Den Arbeitnehmern in Kleinbetrieben ist das größere rechtliche Risiko eines Arbeitsplatzverlustes angesichts der schwerwiegenden und grundrechtlich geschützten Belange der Arbeitgeber zuzumuten. Dabei fällt ins Gewicht, daß die Arbeitnehmer durch ihre Herausnahme aus dem gesetzlichen Kündigungsschutz nicht völlig schutzlos gestellt sind. Wo die Bestimmungen des Kündigungsschutzgesetzes nicht greifen, sind die Arbeitnehmer durch die zivilrechtlichen Generalklauseln vor einer sitten- oder treuwidrigen Ausübung des Kündigungsrechts des Arbeitgebers geschützt. Im Rahmen dieser Generalklauseln ist auch der objektive Gehalt der Grundrechte zu beachten (vgl. BVerfGE 7, 198 <204 ff.>). Hier ergeben sich die maßgebenden Grundsätze vor allem aus Art. 12 Abs. 1 GG. Der verfassungsrechtlich gebotene Mindestschutz des Arbeitsplatzes vor Verlust durch private Disposition ist damit in jedem Fall gewährleistet. Wie weit dieser Schutz im einzelnen reicht, ist von den Arbeitsgerichten zu entscheiden.

Ausgangspunkt einer solchen Würdigung ist der Respekt vor der gesetzgeberischen Eingrenzung des gesetzlichen Kündigungsschutzes durch § 23 Abs. 1 KSchG. Der durch die Generalklauseln vermittelte Schutz darf nicht dazu führen, daß dem Kleinunternehmer praktisch die im Kündigungsschutzgesetz vorgegebenen Maßstäbe der Sozialwidrigkeit auferlegt werden. Das hat das Bundesarbeitsgericht zutreffend in ständiger Rechtsprechung betont (BAGE 28, 176 <184>; 77, 128 <133> jeweils m.w.N.). Darüber hinaus wirkt der durch die Generalklauseln vermittelte Grundrechtsschutz um so schwächer, je stärker die mit der Kleinbetriebsklausel geschützten Grundrechtspositionen des Arbeitgebers im Einzelfall betroffen sind.

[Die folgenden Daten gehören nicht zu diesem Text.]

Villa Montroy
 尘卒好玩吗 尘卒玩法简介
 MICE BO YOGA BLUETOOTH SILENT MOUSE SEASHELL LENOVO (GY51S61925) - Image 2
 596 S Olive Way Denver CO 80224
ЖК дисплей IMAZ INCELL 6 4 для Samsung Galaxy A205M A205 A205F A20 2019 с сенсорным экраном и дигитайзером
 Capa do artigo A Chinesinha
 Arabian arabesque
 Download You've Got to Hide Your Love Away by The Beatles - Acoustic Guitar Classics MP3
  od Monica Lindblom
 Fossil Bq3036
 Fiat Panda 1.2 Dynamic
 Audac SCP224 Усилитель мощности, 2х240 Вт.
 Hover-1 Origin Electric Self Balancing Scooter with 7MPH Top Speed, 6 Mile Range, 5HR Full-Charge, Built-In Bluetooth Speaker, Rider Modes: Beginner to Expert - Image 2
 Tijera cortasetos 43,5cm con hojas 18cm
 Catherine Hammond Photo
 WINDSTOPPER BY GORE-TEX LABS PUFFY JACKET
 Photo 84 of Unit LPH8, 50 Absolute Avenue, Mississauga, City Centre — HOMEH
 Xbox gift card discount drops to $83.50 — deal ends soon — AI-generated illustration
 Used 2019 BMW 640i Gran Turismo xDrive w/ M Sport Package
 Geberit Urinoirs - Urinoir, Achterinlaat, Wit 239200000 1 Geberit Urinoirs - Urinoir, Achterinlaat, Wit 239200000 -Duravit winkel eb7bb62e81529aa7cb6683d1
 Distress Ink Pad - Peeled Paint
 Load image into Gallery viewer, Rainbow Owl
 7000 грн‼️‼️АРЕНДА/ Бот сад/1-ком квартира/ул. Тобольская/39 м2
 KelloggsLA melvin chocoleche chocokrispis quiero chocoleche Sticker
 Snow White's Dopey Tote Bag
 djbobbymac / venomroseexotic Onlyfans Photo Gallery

In sachlicher Hinsicht geht es vor allem darum, Arbeitnehmer vor willkürlichen oder auf sachfremden Motiven beruhenden Kündigungen zu schützen (vgl. dazu etwa BAGE 77, 128 <133 f.>). Zutreffend werden in der Literatur als Beispiele dafür Diskriminierungen im Sinne von Art. 3 Abs. 3 GG genannt (Oetker, ArbuR 1997, S. 41 <48>; Preis, NZA 1997, S. 1256 <1266>). Soweit unter mehreren Arbeitnehmern eine Auswahl zu treffen ist, gebietet der verfassungsrechtliche Schutz des Arbeitsplatzes in Verbindung mit dem Sozialstaatsprinzip ein gewisses Maß an sozialer Rücksichtnahme (vgl. BVerfGE 84, 133 <154 ff.>; BAGE 79, 128 <138>). Schließlich darf auch ein durch langjährige Mitarbeit erdientes Vertrauen in den Fortbestand eines Arbeitsverhältnisses nicht unberücksichtigt bleiben.

Der objektive Gehalt der Grundrechte kann auch im Verfahrensrecht Bedeutung erlangen (vgl. BVerfGE 89, 276 <289 f.>). Für die Wirksamkeit des gerichtlichen Kündigungsschutzes ist die Verteilung der Darlegungs- und Beweislast von besonderer Bedeutung (vgl. Preis, NZA 1997, S. 1256 <1268>). Nach § 1 Abs. 2 Satz 4 KSchG hat der Arbeitgeber die Tatsachen zu beweisen, die die Kündigung bedingen. Außerhalb des Kündigungsschutzgesetzes gilt diese Regel nicht. Wie die Darlegungs- und Beweislast unter Beachtung verfassungsrechtlicher Positionen bei der Anwendung der Generalklauseln in §§ 138 oder 242 BGB zu beurteilen ist, läßt sich nicht allgemein festlegen (vgl. dazu Oetker, ArbuR 1997, S. 41 <53>; Preis, NZA 1997, S. 1256 <1269>; Prütting, Gegenwartsprobleme der Beweislast, 1983, S. 248 f.). Für eine abgestufte Darlegungs- und Beweislast bietet das Prozeßrecht aber geeignete Handhaben (vgl. Preis, a.a.O.).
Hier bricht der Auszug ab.